# Is this a weed, grassy weed or a type of fescue?



## Larry74 (Mar 13, 2020)

Hello all, 
I am new to the forum. I have TTTF and reseeded last fall of 2019. One of my lawn friends said this was a form of hybrid crabgrass but I do not see it. I am new to lawn care. Done a lot of research and took over my lawn this past fall of 2019. I just do not know what this is. Thank you for all your help and guidance.

Larry74


----------



## Spammage (Apr 30, 2017)

@Larry74 I don't think it's crabgrass, but you will probably need to let one go to seed to identify it. If you have tenacity handy, you may just want to spray it.

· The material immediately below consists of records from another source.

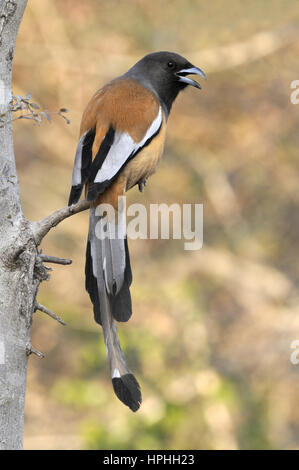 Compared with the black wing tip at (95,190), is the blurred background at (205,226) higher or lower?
higher

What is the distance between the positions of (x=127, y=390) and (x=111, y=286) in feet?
1.40

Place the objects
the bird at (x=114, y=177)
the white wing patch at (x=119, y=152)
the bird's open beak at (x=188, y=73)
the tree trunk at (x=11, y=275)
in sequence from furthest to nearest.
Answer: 1. the bird's open beak at (x=188, y=73)
2. the white wing patch at (x=119, y=152)
3. the bird at (x=114, y=177)
4. the tree trunk at (x=11, y=275)

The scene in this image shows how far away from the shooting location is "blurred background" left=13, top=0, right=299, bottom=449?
8.10m

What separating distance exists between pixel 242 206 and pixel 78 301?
251 centimetres

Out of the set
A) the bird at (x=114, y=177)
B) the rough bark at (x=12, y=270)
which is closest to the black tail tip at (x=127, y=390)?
the bird at (x=114, y=177)

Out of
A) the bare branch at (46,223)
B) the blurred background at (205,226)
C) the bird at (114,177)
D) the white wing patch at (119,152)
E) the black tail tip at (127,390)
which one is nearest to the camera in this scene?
the bare branch at (46,223)

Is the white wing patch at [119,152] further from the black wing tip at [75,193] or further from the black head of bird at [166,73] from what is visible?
the black head of bird at [166,73]

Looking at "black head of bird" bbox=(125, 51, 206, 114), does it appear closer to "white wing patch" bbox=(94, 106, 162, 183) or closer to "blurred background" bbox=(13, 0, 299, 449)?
"white wing patch" bbox=(94, 106, 162, 183)

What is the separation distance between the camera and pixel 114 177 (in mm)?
2789

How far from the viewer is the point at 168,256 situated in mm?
9492

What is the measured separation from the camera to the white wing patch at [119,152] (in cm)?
277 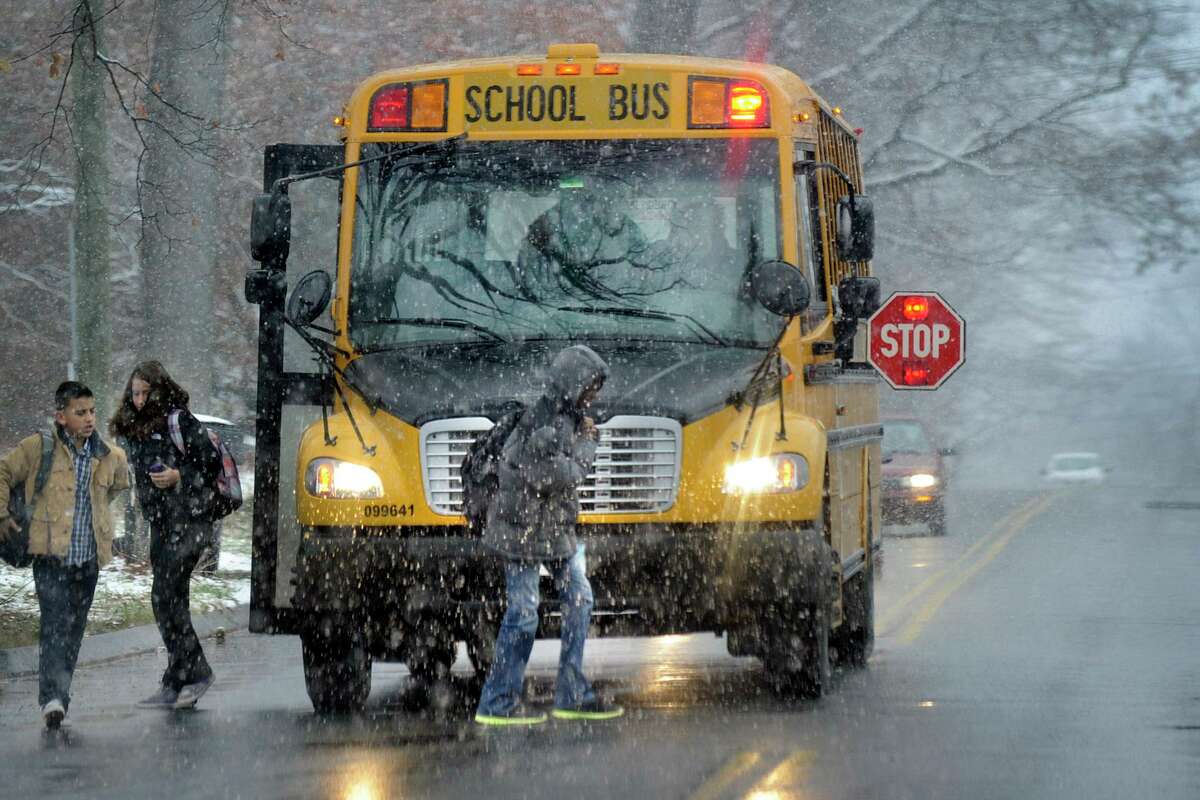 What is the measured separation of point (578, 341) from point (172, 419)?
2056mm

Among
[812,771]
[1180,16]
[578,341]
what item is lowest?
[812,771]

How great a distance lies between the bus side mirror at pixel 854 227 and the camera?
442 inches

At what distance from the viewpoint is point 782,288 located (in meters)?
10.3

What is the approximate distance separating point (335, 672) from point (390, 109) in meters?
2.76

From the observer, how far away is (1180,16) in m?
34.5

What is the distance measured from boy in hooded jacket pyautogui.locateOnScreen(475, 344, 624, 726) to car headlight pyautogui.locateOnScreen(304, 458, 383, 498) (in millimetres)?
684

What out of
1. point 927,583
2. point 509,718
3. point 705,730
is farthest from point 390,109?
point 927,583

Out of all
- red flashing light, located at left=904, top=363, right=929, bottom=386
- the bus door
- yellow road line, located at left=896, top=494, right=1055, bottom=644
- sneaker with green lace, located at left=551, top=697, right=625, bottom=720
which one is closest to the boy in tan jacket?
the bus door

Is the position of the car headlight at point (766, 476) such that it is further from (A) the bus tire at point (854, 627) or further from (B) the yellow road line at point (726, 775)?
(A) the bus tire at point (854, 627)

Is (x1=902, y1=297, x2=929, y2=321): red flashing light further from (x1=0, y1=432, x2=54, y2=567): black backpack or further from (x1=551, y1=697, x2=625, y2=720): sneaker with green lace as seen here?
(x1=0, y1=432, x2=54, y2=567): black backpack

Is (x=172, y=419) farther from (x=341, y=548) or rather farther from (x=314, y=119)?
(x=314, y=119)

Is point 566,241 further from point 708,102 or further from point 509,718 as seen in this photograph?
point 509,718

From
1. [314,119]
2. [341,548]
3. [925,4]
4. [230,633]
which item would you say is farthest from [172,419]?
[925,4]

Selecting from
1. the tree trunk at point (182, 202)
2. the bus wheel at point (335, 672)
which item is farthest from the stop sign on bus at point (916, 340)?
the bus wheel at point (335, 672) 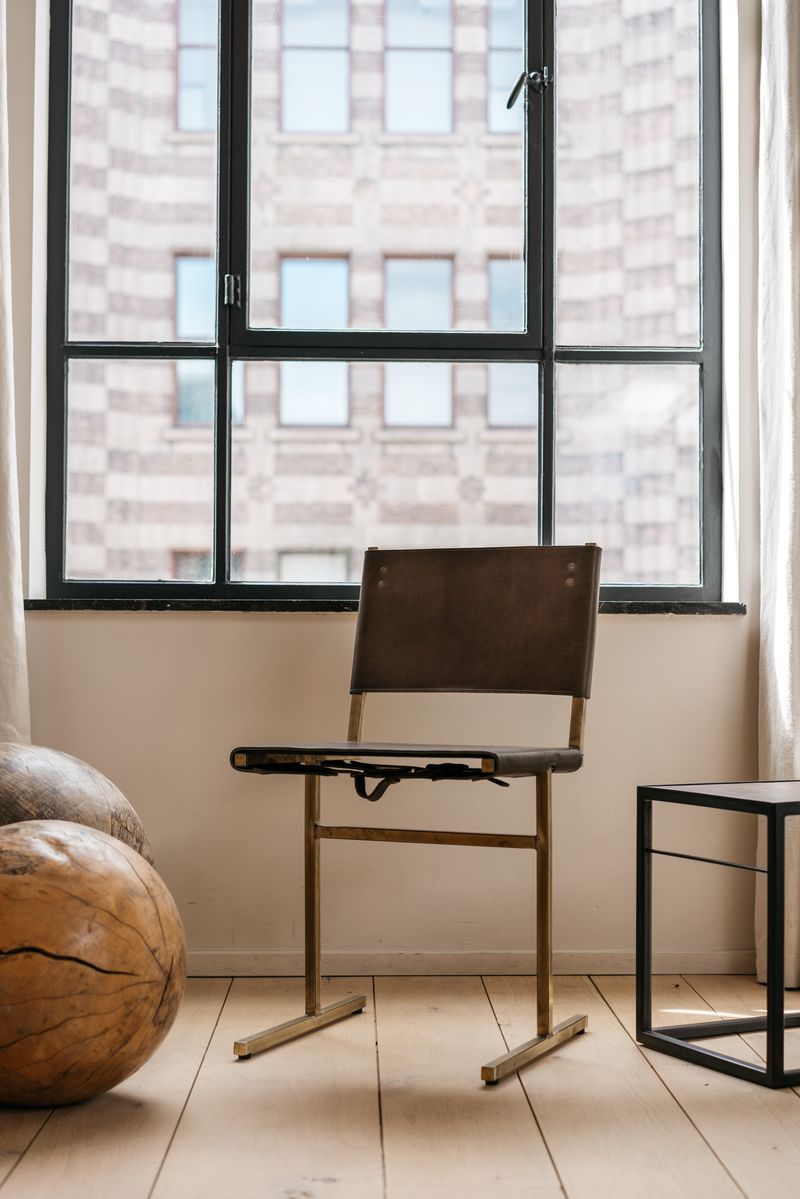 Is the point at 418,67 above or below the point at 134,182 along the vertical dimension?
above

ps - the second picture looks like you might have some dallisgrass. The larger leaves shooting out horizontally from the center are the ones I'm looking at. The first and third pics are something different.


----------



## Larry74 (Mar 13, 2020)

@Spammage 
Thank you for your guidance and help! I do appreciate it. I will let a certain part grow to see if the grass produces a seed head (1st/3rd pic). On the 2nd pic I will treat appropriately (more than likely by digging the dallisgrass out). Thank you again.

Respectfully, 
Larry


----------



## g-man (Jun 15, 2017)

You will need to pull some of those out of the lawn and take closer images. It could be too many things.


----------